■ Task prompt
Go to the line below containing "Businessman works on" and print exactly from there through the line containing "A large group", both included. Print nothing else.

■ Data provided
■ ■ ■
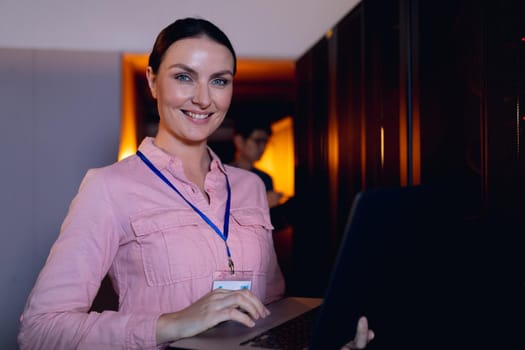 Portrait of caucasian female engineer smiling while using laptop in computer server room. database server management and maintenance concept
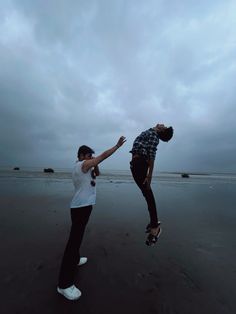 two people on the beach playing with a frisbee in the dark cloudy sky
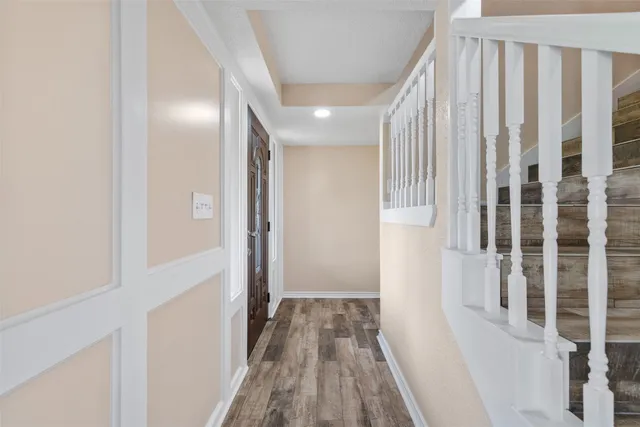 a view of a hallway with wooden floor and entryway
■ ■ ■
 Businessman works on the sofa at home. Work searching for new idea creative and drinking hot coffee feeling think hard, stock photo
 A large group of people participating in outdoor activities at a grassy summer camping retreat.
■ ■ ■
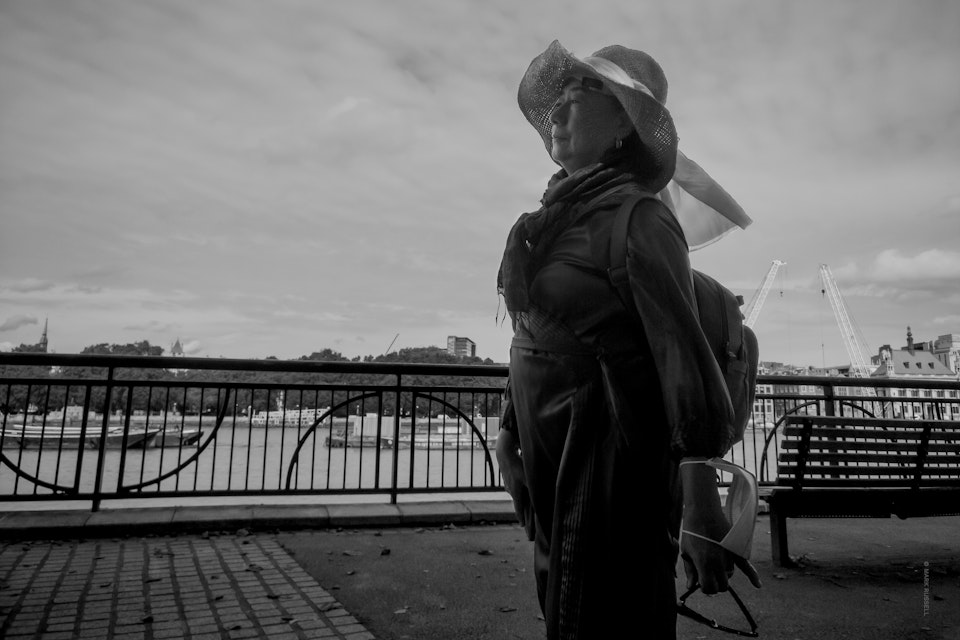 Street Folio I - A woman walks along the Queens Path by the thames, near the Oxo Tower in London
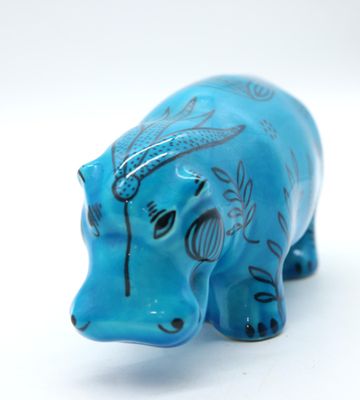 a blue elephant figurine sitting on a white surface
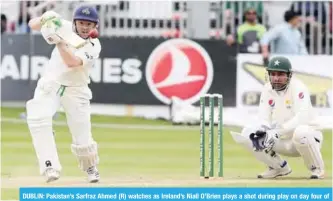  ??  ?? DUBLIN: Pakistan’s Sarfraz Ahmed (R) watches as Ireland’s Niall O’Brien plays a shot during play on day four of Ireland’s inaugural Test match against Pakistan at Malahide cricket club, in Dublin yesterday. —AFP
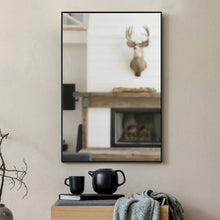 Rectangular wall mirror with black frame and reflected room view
■ ■ ■
■ Solution to this exercise
 Businessman works on the sofa at home. Work searching for new idea creative and drinking hot coffee feeling think hard, stock photo
 A large group of people participating in outdoor activities at a grassy summer camping retreat.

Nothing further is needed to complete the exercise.